[Date Prev][Date Next][Thread Prev][Thread Next][Date Index][Thread Index]

Re: [HTCondor-users] Determine when all jobs in a cluster have finished?

On Wed, Jan 30, 2013 at 08:25:37AM -0500, Brian Pipa wrote:
> So, my dag file would look like
> ###
> Job Workers workers.job
> Job PostProcess postprocess.job
> PARENT Workers CHILD PostProcess
> ###
> and the initial (non-DAGMan job) QueryDB would create the workers.job,
> postprocess.job, and the dag file and submit the DAG job.


Note 1: You'll find that there's 12 seconds delay before dagman starts the
first job, and a few seconds delay between the first completing and the
second starting.  Hopefully that's acceptable in overall scheme of things.

Note 2: DAGman also has a great feature called "rescue DAG", which means
that if some DAG nodes fail, you can restart the DAG and the
successfully-completed nodes will not be re-run.

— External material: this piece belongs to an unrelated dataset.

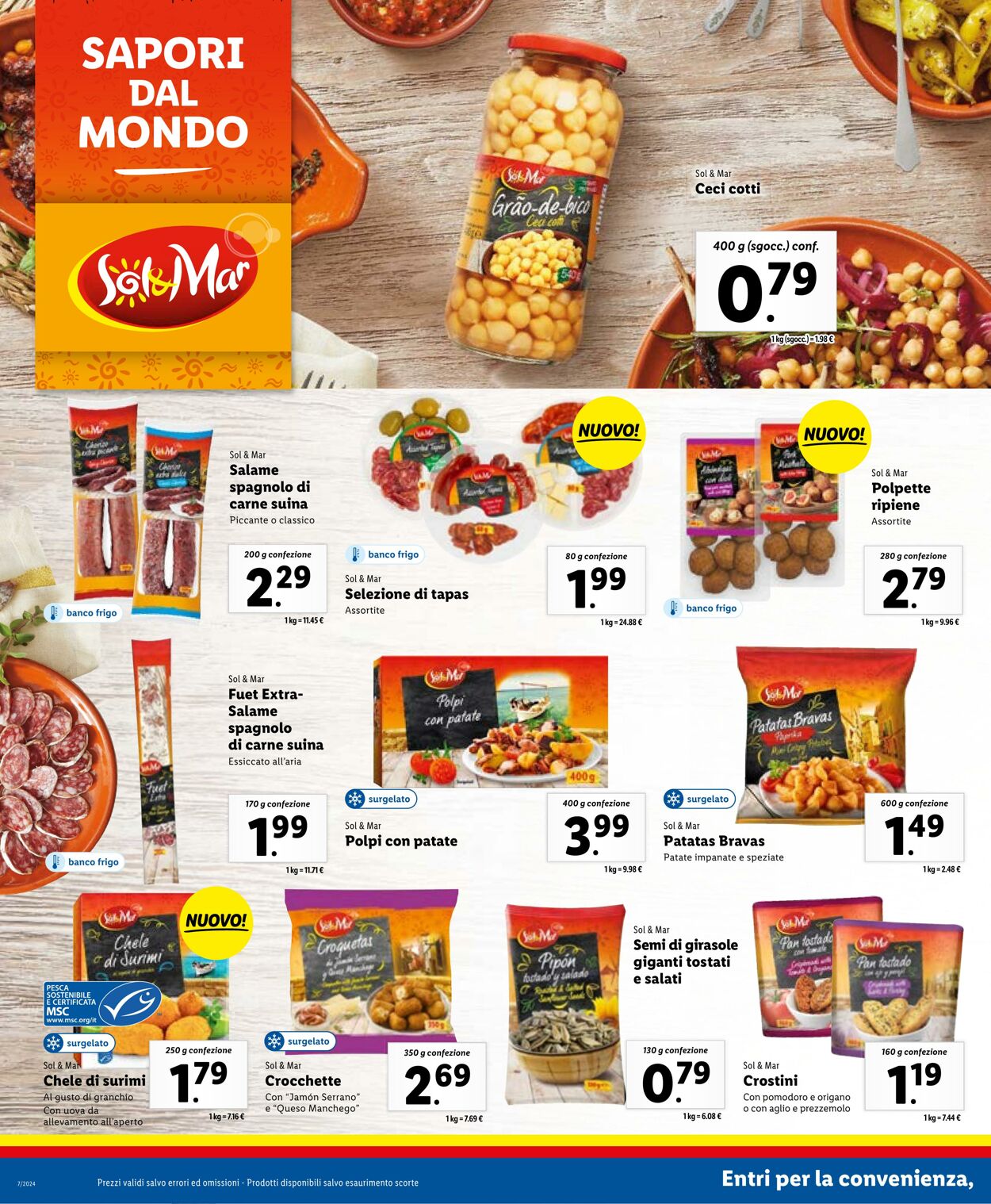 Volantino Lidl 12.02.2024 - 18.02.2024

However in the case of a job cluster, if any one job fails all the other
jobs in the cluster are killed.

If you want to be able to retry individual failed jobs, then you would make
them separate DAG nodes:

Job Workers1 workers.job
Vars Workers1 instance="1"
Job Workers2 workers.job
Vars Workers1 instance="2"
Job Workers3 workers.job
Vars Workers1 instance="3"
Job Workers4 workers.job
Vars Workers1 instance="4"
Job PostProcess postprocess.job
parent Workers1 Workers2 Workers3 Workers4 child PostProcess

Then use $(instance) in workers.job instead of $(procid), to select between
the different jobs.